Data entries
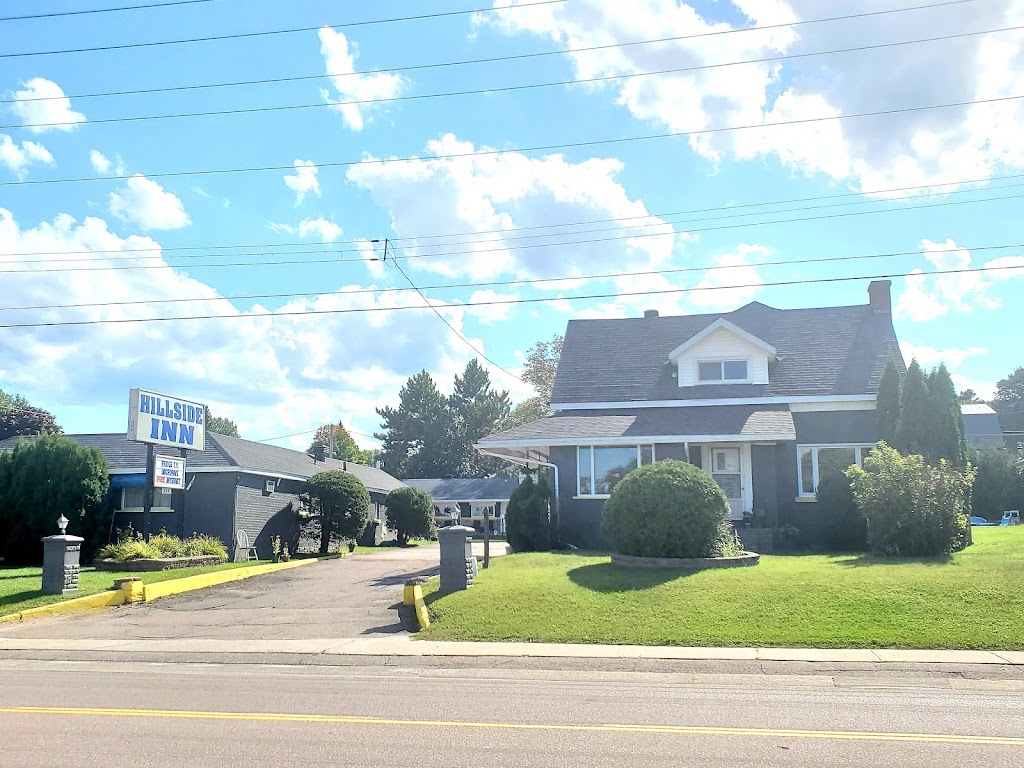 Hillside Inn | 638 Pembroke St E, Pembroke, ON K8A 3L9, Canada | Phone: (613) 732-3616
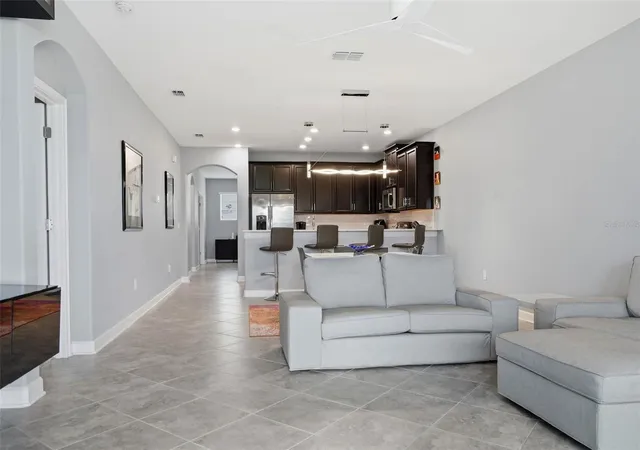 Photo 4 of Condo for sale at 8984 Azalea Sands Ln #8984, Davenport, FL 33896 | MLS# TB8433264 | Listing updated on 2026-10-21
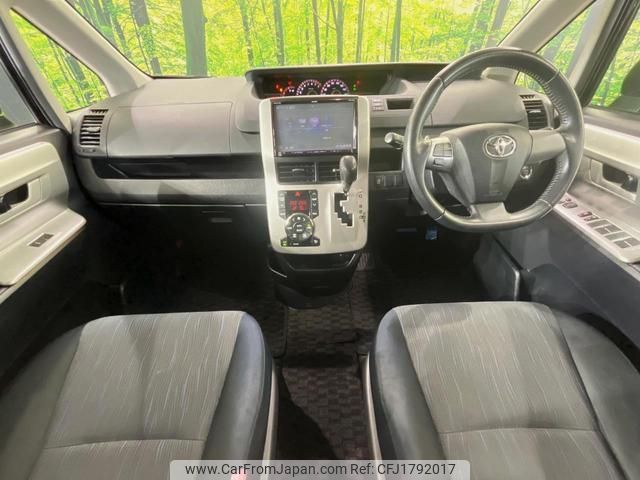 toyota voxy 2010 CFJ1792017 image 2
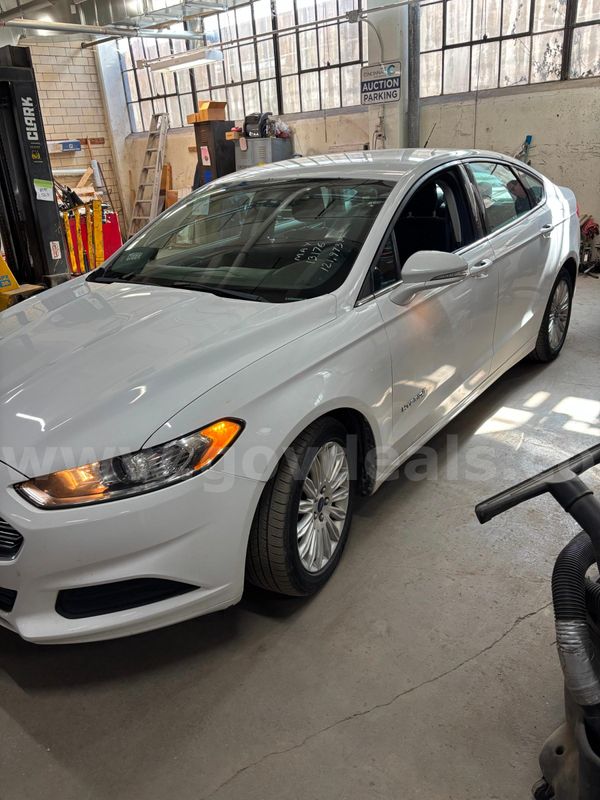 2013 Ford Fusion Hybrid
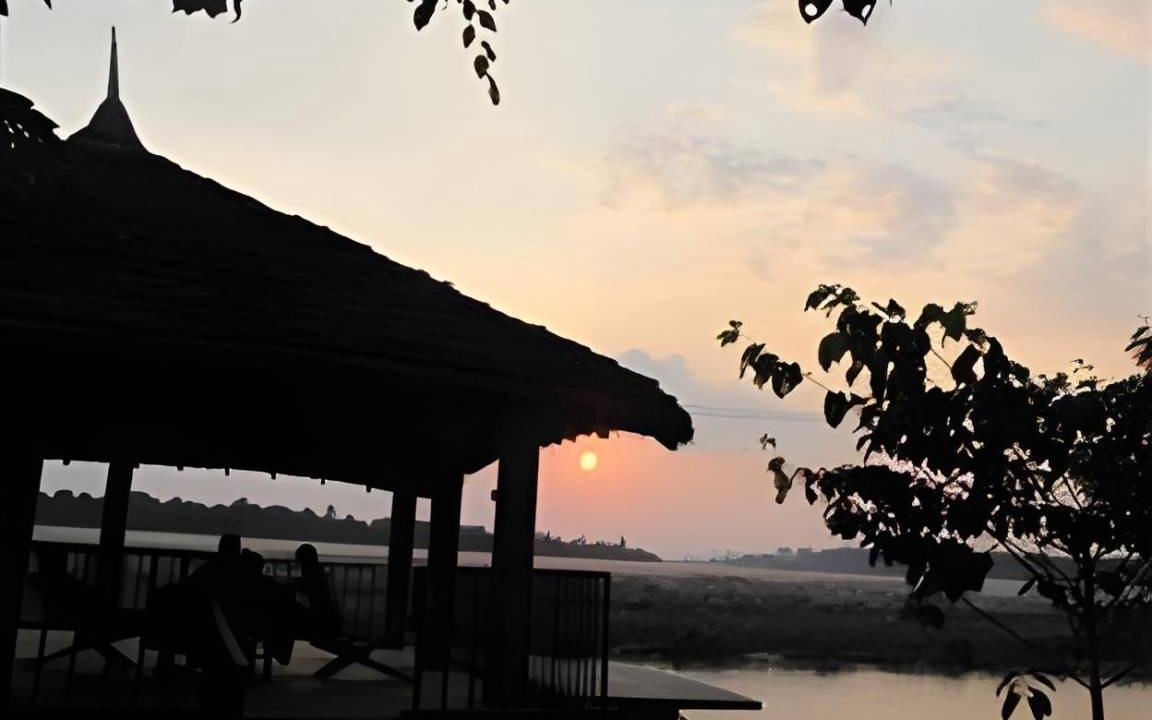 Photo of Others in Sauraha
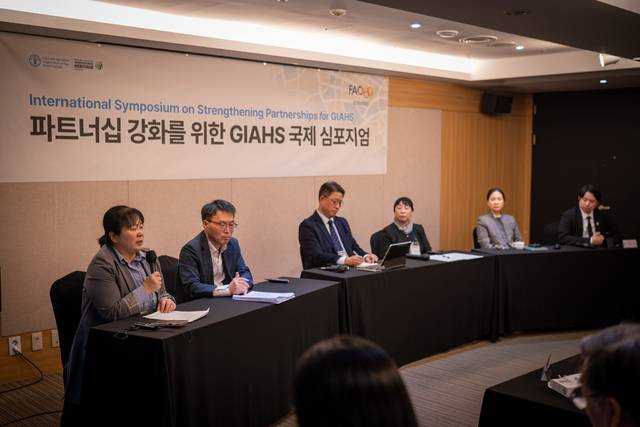 11월19일 서울 종로구 아미드호텔에서 ‘파트너십 강화를 위한 GIAHS 국제 심포지엄’이 열렸다. 이지숙 농림축산식품부 사무관(맨 왼쪽부터), 민경종 해양수산부 사무관, 황길식 명소IMC 대표, 김미경 청산도 구들장논 보존협의회 사무국장, 강미희 한국생태관광협회 부회장, 페이랙 피분룽 로지 태국 치앙마이대학교 교수.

* [Work order] Please write every line above out exactly as given, except for any pictures.

* [Result of the exercise]
 Hillside Inn | 638 Pembroke St E, Pembroke, ON K8A 3L9, Canada | Phone: (613) 732-3616
 Photo 4 of Condo for sale at 8984 Azalea Sands Ln #8984, Davenport, FL 33896 | MLS# TB8433264 | Listing updated on 2026-10-21
 toyota voxy 2010 CFJ1792017 image 2
 2013 Ford Fusion Hybrid
 Photo of Others in Sauraha
 11월19일 서울 종로구 아미드호텔에서 ‘파트너십 강화를 위한 GIAHS 국제 심포지엄’이 열렸다. 이지숙 농림축산식품부 사무관(맨 왼쪽부터), 민경종 해양수산부 사무관, 황길식 명소IMC 대표, 김미경 청산도 구들장논 보존협의회 사무국장, 강미희 한국생태관광협회 부회장, 페이랙 피분룽 로지 태국 치앙마이대학교 교수.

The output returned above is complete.